=== Task goal ===
Your answer must be a word-for-word copy of the listing below, minus its pictures.

=== Data ===
>>>

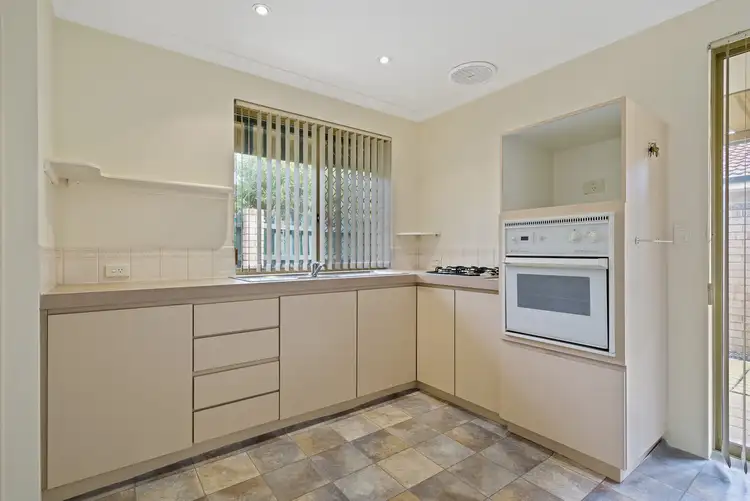 Sixth view of Homely villa listing, 10A Locksley Avenue, Armadale WA 6112
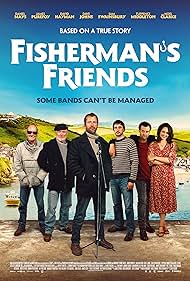 watch-Fisherman's Friends (2019)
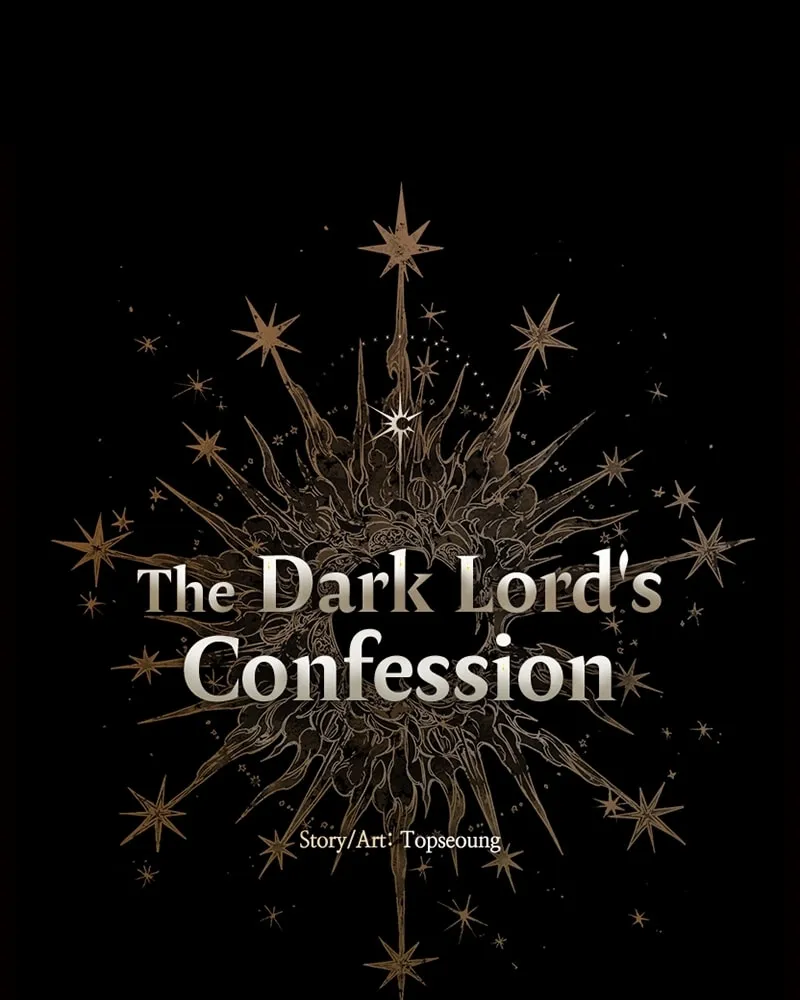 The Dark Lord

<<<

=== Problem solution ===
 Sixth view of Homely villa listing, 10A Locksley Avenue, Armadale WA 6112
 watch-Fisherman's Friends (2019)
 The Dark Lord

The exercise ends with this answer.